5.5 There were significant percentage reductions in the public and waste management sectors (down 48% and 51% respectively), as well as for non- CO 2 industrial emissions (down 72%). However, in absolute terms the impacts were limited as each of these sectors now contributes less than 2% of total Scottish emissions.
5.6 Across the UK, the biggest contributor to the fall in emissions was the energy supply sector (down by 11.4 MtC), closely followed by non- CO 2 industrial processes (down 10.6 MtC). Combined, these two sectors accounted for over 75% of the decline in UK emissions since 1990.
Breakdown of Scottish emissions by sector in 2003, and change from 1990
emissions and removals ( MtC)
emissions and removals ( MtC)
change in emissions and removals ( MtC)
Business (includes industrial processes)
Total emissions (excluding removals)
Total net emissions
A cautious note - interpreting the figures
Care must be taken in interpreting the figures presented at sector level throughout Section 5. The emissions data are taken from the Inventory of GHGs which is compiled by the National Environmental Technology Centre (Netcen). This is published annually for the UK overall and disaggregated for each country within the UK. The latest disaggregated data for Scotland are for 2003. We also refer to energy data, the latest year for which is 2002, from the Scottish Energy Study, 15 published by the Executive in January 2006.
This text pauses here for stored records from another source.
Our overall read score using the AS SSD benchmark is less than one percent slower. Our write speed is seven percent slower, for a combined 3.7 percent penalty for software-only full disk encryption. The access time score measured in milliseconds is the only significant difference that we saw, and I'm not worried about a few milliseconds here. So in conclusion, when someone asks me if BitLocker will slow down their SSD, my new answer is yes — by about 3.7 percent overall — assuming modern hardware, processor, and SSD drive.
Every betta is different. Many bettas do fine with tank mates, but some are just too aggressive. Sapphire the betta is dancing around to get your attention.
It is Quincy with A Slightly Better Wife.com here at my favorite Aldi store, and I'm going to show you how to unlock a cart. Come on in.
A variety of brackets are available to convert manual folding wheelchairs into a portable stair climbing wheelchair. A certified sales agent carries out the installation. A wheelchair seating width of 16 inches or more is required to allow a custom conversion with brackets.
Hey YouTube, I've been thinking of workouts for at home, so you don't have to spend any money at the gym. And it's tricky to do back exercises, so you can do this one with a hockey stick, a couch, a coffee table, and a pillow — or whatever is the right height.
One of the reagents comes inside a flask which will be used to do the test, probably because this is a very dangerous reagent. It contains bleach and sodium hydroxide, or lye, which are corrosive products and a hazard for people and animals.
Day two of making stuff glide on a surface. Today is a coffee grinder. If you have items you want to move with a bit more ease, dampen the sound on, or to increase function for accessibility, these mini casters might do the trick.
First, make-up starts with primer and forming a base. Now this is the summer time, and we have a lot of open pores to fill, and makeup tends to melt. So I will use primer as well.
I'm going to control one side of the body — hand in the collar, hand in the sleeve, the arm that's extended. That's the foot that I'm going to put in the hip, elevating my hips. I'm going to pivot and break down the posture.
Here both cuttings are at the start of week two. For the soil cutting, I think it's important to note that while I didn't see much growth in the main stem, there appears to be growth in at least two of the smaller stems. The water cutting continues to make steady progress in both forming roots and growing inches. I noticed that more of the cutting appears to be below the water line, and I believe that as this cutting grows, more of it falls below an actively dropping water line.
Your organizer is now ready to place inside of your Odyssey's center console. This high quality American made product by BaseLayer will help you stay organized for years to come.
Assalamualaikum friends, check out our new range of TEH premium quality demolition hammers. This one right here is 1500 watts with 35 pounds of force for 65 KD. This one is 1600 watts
The Netcen inventories allocate emissions to each sector by source (eg emissions from a power station are allocated to the energy sector). The reporting methodology is in line with international requirements under the UNFCCC. The Energy Study is structured according to end users of energy (eg emissions from a power station are attributed to those who use the energy produced, such as householders and the public sector). The definitions of sectors used in the Inventory differ from those used in the Energy Study.
Because the Inventory reports emissions by source, it might show changes to direct emissions for particular sectors which are due to switches between type of fuel used rather than changes in energy consumption. For example, if a household switches from using oil to electricity, emissions in the residential sector would go down but emissions in the energy supply sector would increase. Therefore, not all of the emissions reductions from a particular sector as shown in the Inventory are necessarily the result of reduced consumption, but may result from a fuel switch, with emissions being transferred to the energy supply sector.
Further points to note in interpreting the data at sectoral level are highlighted where relevant throughout Section 5 and more detailed information is provided in Annex F.